No entanto, há os clubes do bolinha. O vôlei de quadra, por exemplo. Tanto as seleções quanto os times da Superliga – 24 no total – são comandados por homens. Primeira mulher a conquistar uma medalha olímpica — ouro ao lado de Sandra Pires no vôlei de praia, em Atlanta-96 —, Jackie Silva viveu alguns dissabores na sua época como atleta e técnica, logo depois de encerrar a carreira.
— É um espaço difícil de penetrar mesmo. Principalmente no Brasil. Morei muitos anos na Flórida e lá as mulheres estão muito mais presentes no ambiente do esporte. Acho ruim para o desenvolvimento do esporte, tinha que ter pontos de vista diferentes. Lembro que como jogadora na quadra, era difícil que uma ideia minha fosse bem recebida. Na praia, cheguei a ser técnica da base, mas a pressão era muito grande por ser mulher. Para mulher, muitas vezes, tem que lutar todo dia para furar esse bloqueio, é cansativo. Nem todas querem agir assim para conseguir algo — disse Jackie, recordando que o primeiro pódio de uma brasileira só veio 100 anos depois da primeira Olimpíada da Era Moderna.
Também medalhista olímpica no vôlei de praia — prata em 2000 e 2004 —, Adriana Behar optou pelo mundo corporativo. Hoje, ela é gerente geral de planejamento esportivo do COB, onde participou do Programa de Carreira do Atleta, e afirma que há mais oportunidades para as mulheres. Mas também é preciso ter interesse e saber gerenciar o pós-carreira esportiva. Ela relembra, no entanto, que as diferenças de gênero no esporte já foram maiores.
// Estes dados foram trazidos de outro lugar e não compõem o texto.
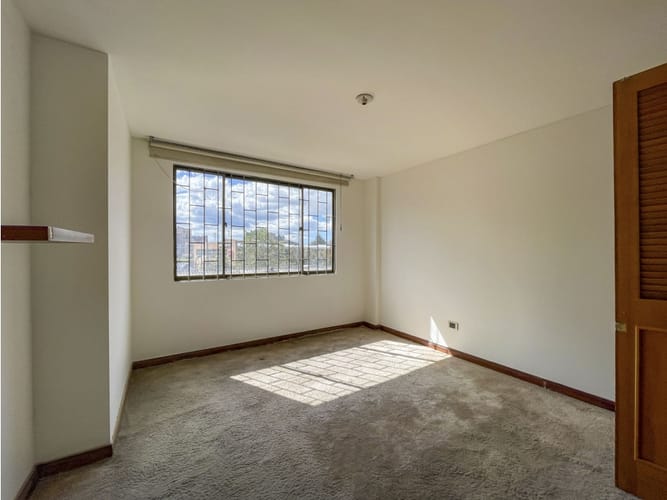 Apartamento de 4 alcobas en venta en Pasadena, Bogotá, 130 m² · foto 5 de 9
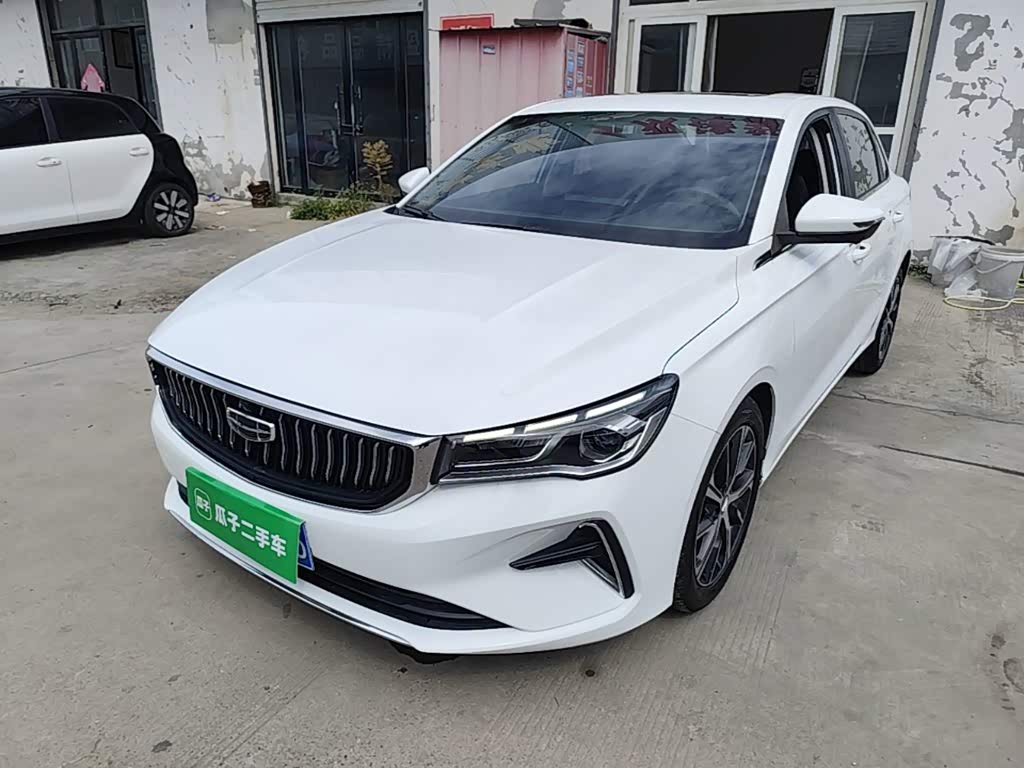 Geely Emgrand 1.5 л 2022 г. Белый, пробег 35000 км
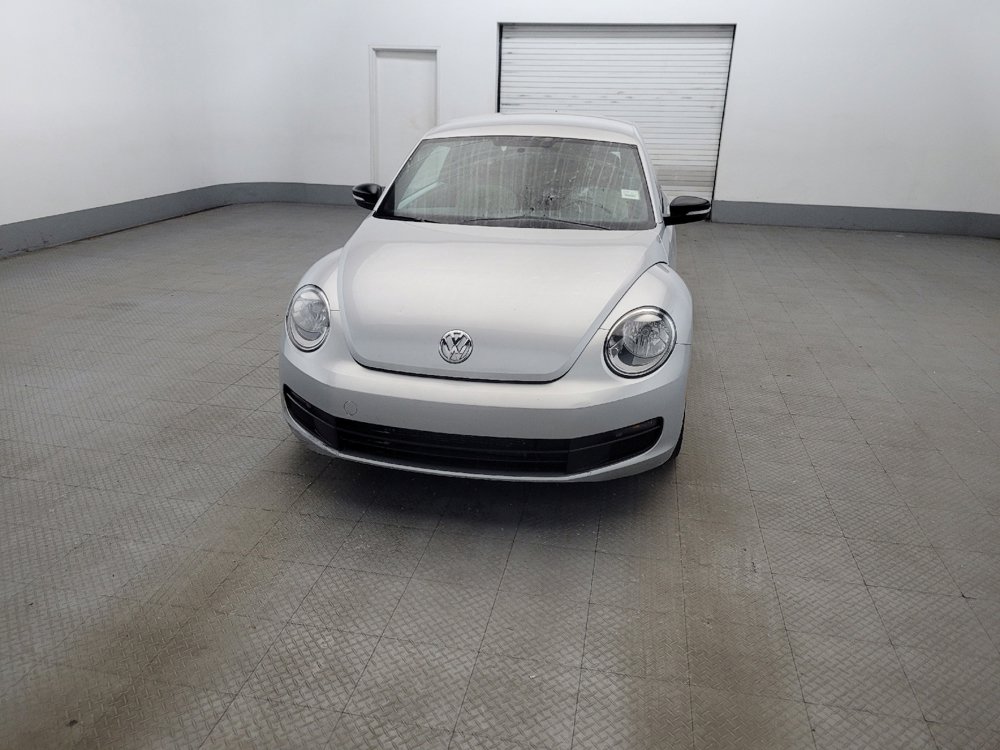 Used 2015 Volkswagen Beetle 1.8T Classic FWD image 15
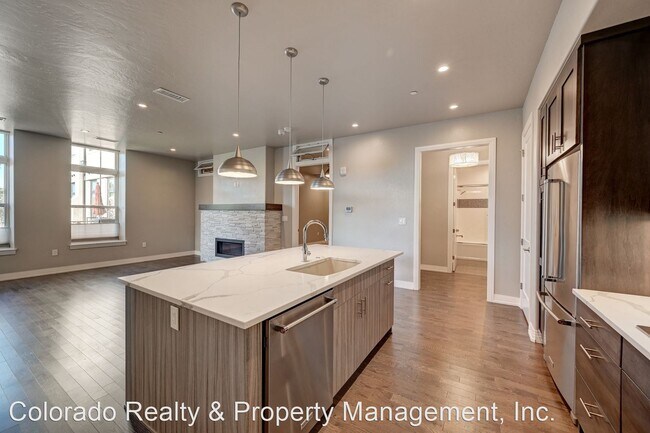 Foto del edificio - 1 br, 2 bath House - 4625 West 50th Avenue...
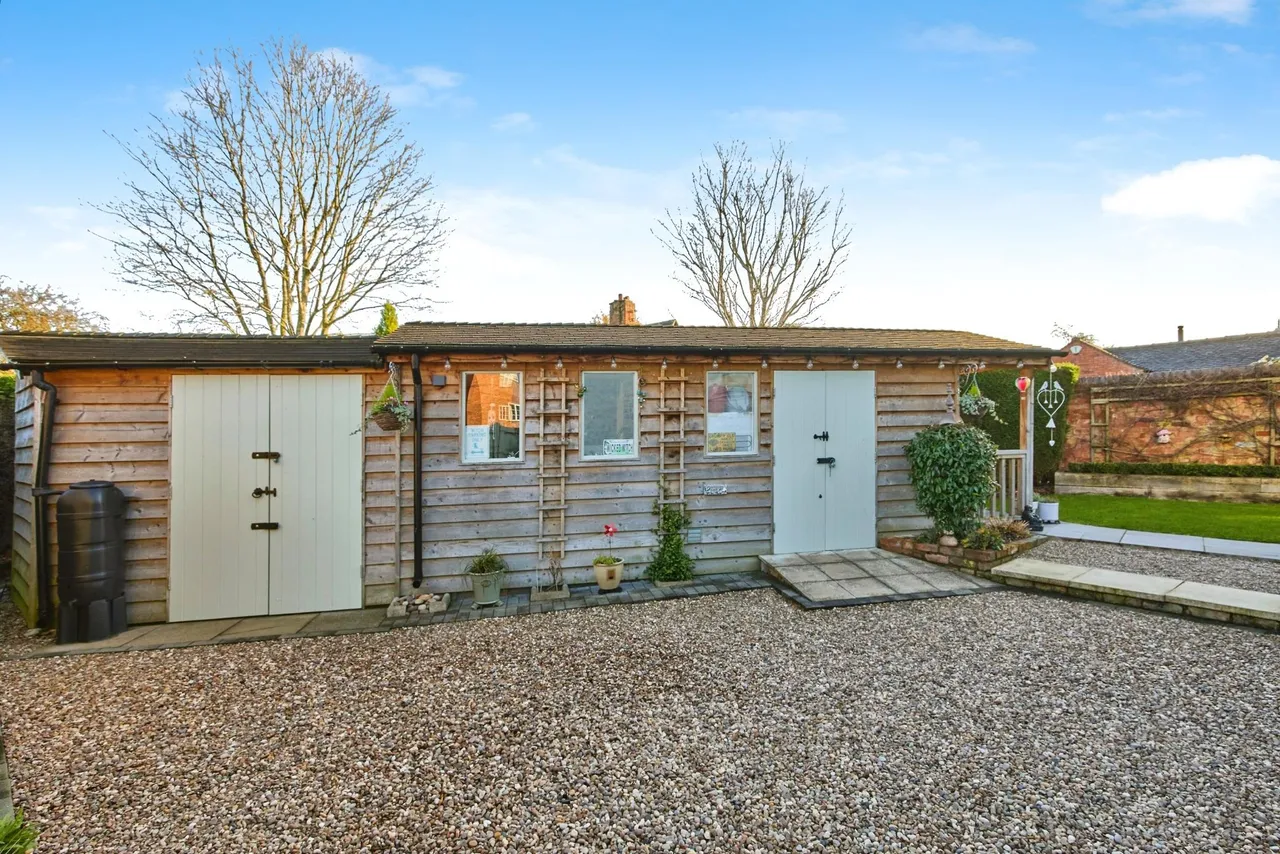 Manor Road, Kings Bromley, DE13, photo 23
— Não sofri ofensas diretas por ser mulher, porém passei por um momento no vôlei de praia no qual a premiação era diferente entre homens e mulheres; o número de duplas era diferente… Mas isso não desanimou, pelo nosso esforço sabia que isso seria revertido. Nunca me abalou e me deu mais força para brigar mais ainda — afirma Adriana, que reconhece as diferenças entre ser comandada pelos dois sexos . — A Letícia (Pessoa) é a minha maior referência. Foram 10 anos juntas. Obviamente, que há diferença: homem é mais direto, mais objetivo, mais transparente no que quer. A mulher também tem essa postura direta, mas com uma visão mais materna, considera outros aspectos. A grande questão é que respeito, admiração e profissionalismo não têm gênero.
Ex-técnica de Adriana Behar e atual treinadora da seleção de vôlei de praia, Letícia corrobora com a pupila. Hoje, segundo ela, ganhar um lugar de comando no meio esportivo passa por uma questão de vontade de lutar pelo seu lugar. Porém, admite que, em determinadas áreas, como o vôlei de quadra, há preconceito de gênero.
— Na quadra, preferem contratar homem a mulher. Isso é fato. Porém, em qualquer carreira vai depender do resultado. Se tiver conquista, vai ser respeitada — acredita.